> [Prompt] It is required that the lines from the top of the listing through the line with "All of the free" be reproduced exactly, excluding pictures.

*** Opening Data section ***

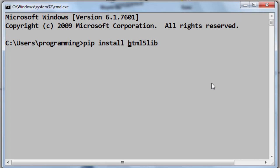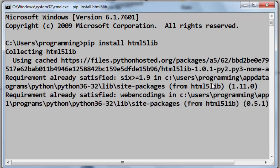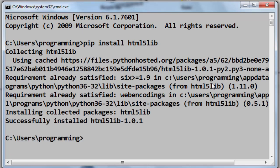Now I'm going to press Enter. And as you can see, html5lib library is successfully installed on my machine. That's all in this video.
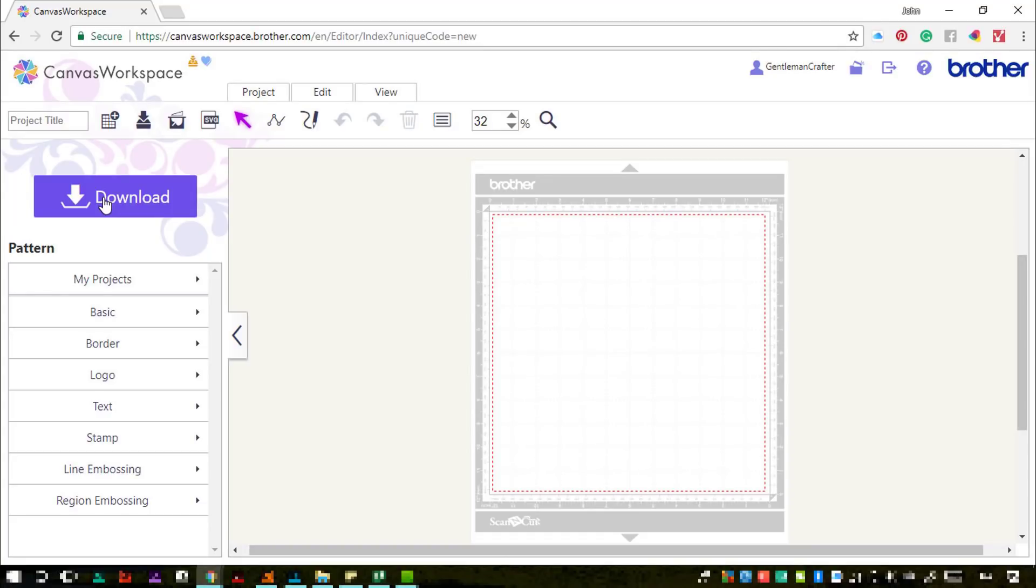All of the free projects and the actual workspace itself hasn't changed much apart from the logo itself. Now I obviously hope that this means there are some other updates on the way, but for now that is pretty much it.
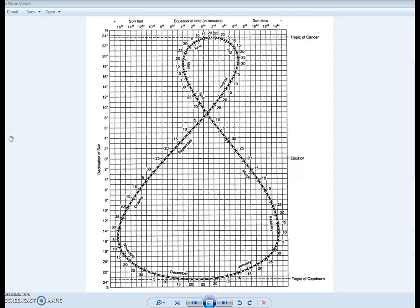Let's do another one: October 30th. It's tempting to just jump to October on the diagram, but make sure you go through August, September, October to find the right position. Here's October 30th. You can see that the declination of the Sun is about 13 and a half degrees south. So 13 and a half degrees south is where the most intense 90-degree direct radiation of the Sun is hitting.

*** Closing Data section ***

> [Exercise response]
Now I'm going to press Enter. And as you can see, html5lib library is successfully installed on my machine. That's all in this video.
All of the free projects and the actual workspace itself hasn't changed much apart from the logo itself. Now I obviously hope that this means there are some other updates on the way, but for now that is pretty much it.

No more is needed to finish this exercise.